Compatible: iPod touch, iPhone, iPhone 3G
On July 21, 2008, iLounge published iPhone Gems: The Best of All 7 Mahjong Games, a feature article looking at the seven different versions of the classic tile-matching game Mahjong. This review focuses on Jirbo's iMahjong ($1); you can read the full article, with screenshots of all of the games together, through the link above.
All of these applications are based upon the same tile-matching game, which is alternately known as “Shanghai,” “Shanghai Mahjong” or “Mahjongg,” though the last of these names is a little inaccurate. The classic Mahjong is a competitive betting game played with Chinese tiles that have been marked with coins or numbers, pieces of bamboo, flowers, directions of wind, or dragons. The iPhone’s Mahjong titles use the same tiles, but are designed to be played by one person rather than a group; you match sets of two like tiles until every tile has been removed from the board. Because this is a one-player game, some refer to this version of Mahjong as Mahjong Solitaire, and though there are standard patterns and rules for presenting the tiles to be matched, each version of the game approaches the rules differently.
A low price is apparently supposed to generate low expectations for Jirbo’s iMahjong, offered for a limited time at a low price as an enticement to play. Frankly, we wouldn’t even spend a dollar on this highly mediocre rendition of the game, which features a static background, a single tile layout, poorly drawn tiles, and one of the worst approaches we’ve yet seen to widescreen/vertical flipping: merely rotating the screen and squishing the aspect ratio. The art doesn’t look good in either orientation, but it looks worse when stretched wide.

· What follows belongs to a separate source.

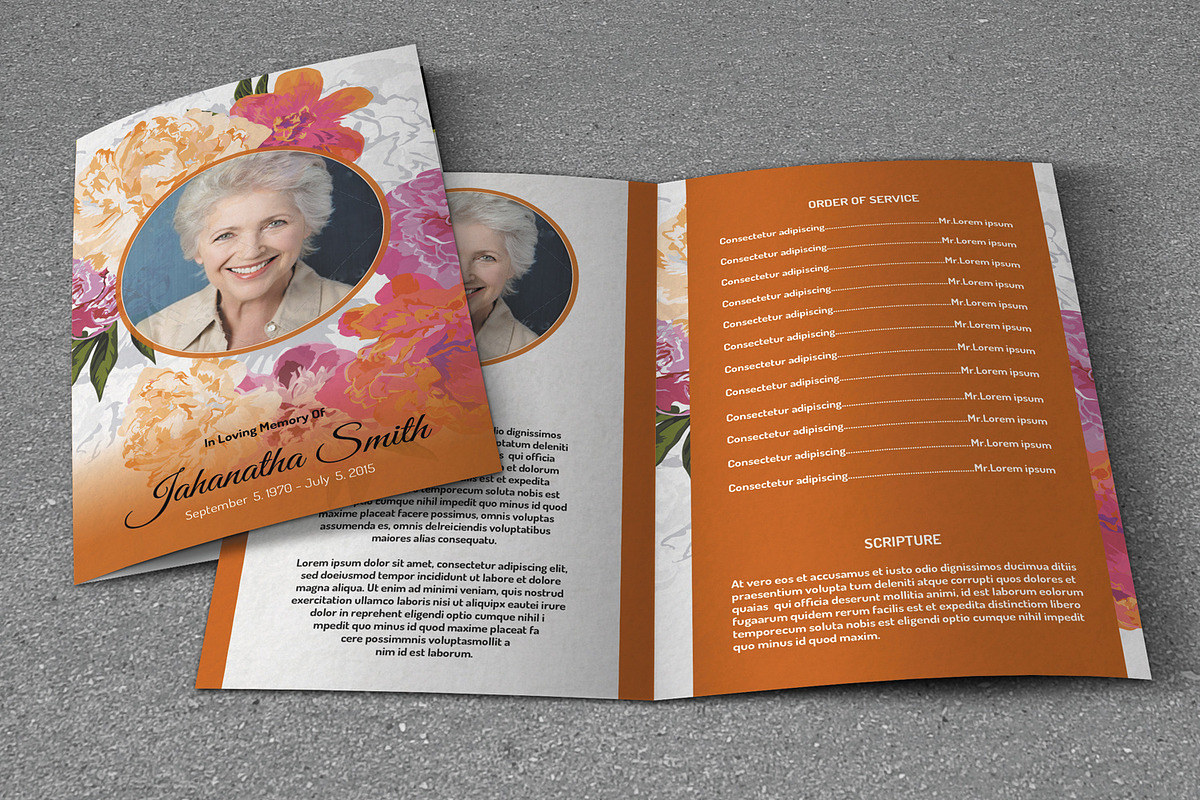 Funeral Program Template-V189, a Brochure Template by Template Shop (Photo 3 of 4)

With iMahjong, the only challenge is to beat the same table repeatedly, but faster the next time. The game will offer you a hint as to the next move, but has no other frills; the audio is extremely limited and you don’t shift from background to background. Jirbo’s draw is an in-game “avatar” that you create with a separate application and can use to compare scores against friends, but seriously, who wants to compare Mahjong clock times with other people? Our advice is to save your buck or put it towards a different game.